I had the pleasure of reading LAUDATO SI' a short time ago, the encyclical of Pope Francis occasioned by the threat of climate change to what Francis refers to "our common home", the Earth, home to all humanity and all that lives on the Earth. This encyclical quite frankly expresses the philosophy, theology and morality that inspired me and hence my photography for over 50 years. While climate change prompted Francis to address this issue his scope goes far beyond just that, indeed it addresses a morally based use and treatment of the resources given to the custody of man to be accessible to all. While this dialogue has been part of our debate for many years I don't think anyone has put forth his thinking in quite such succinct and elegant terms. So what does this have to do with photography?
I think those who photograph the landscape, wildlife, flowers, insects, beautiful works of man, portraits, etc., will instantly make the connection. We are celebrating beauty, beauty in nature, beauty in our environment.
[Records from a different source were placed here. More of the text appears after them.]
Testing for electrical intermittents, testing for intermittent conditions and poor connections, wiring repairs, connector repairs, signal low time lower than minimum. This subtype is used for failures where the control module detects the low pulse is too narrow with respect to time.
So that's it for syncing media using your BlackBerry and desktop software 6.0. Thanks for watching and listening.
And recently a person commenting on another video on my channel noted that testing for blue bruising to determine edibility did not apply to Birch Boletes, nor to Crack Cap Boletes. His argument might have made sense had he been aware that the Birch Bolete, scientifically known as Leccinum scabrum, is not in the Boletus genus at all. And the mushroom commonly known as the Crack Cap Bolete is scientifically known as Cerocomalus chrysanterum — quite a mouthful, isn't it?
When that beauty is despoiled our subject matter goes away. Even those who photograph the wreckage we wreak are doing so to make a point, to expose our careless actions and disdain for that entrusted to our care. Photographing beauty is a response back to God, praising Him for what we find good in His creation; photographing wreckage is one way to inform us of our abusive nature.
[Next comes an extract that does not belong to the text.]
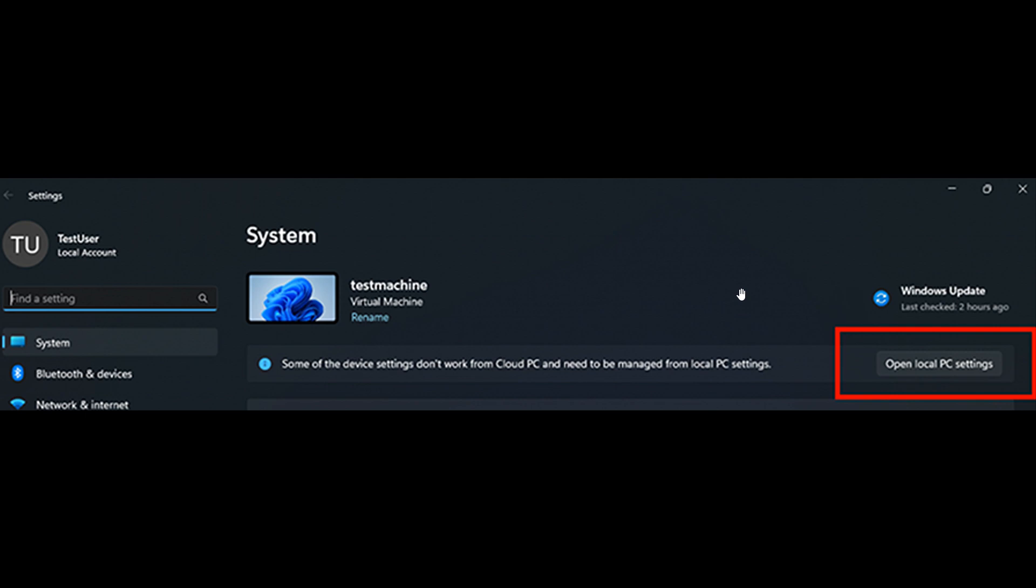And what we're looking at here is a screenshot of a red box, obviously highlighting the open local PC settings option while in Windows 365 boot. So a lot of integration here between your local PC and the Cloud PC that's rolled out now with Moment 5.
Man's careless treatment of what I find praise worthy has been a pet peave of mine all my life. We trash our highways with garbage, we clutter our cities with graffiti, we set our forests afire with careless disposal of still burning cigarettes, we pollute our waters in dozens of different ways, and now we are pumping millions of tons of carbon dioxide into our atmosphere on a daily basis. I have even found full scale dumps 30 miles into the backcountry of the Sierra Nevada where horse packers were too lazy to haul out their trash. These included things like rusty cans, bottles, even things as large as stoves. I've often seen old license plates nailed to trees in places that ought to be treated with reverence. The list could go on and on.
Laudato Si' challenges us to a new way of thinking about our "home". No longer do we have the luxury of thinking of our resources as inexhaustible, or that somehow no matter how much abuse we subject it to it will miraculously repair itself. Every day we become more aware of the damage we inflict on our surroundings and the creatures that inhabit our home. Yet there are still those who refuse to acknowledge what they see and refuse to believe the science that tells us our consumerist "throw away" society is not sustainable. It's time for all of us to "own up" to our own responsibility for the care of our environment, and if changes are warranted...make them.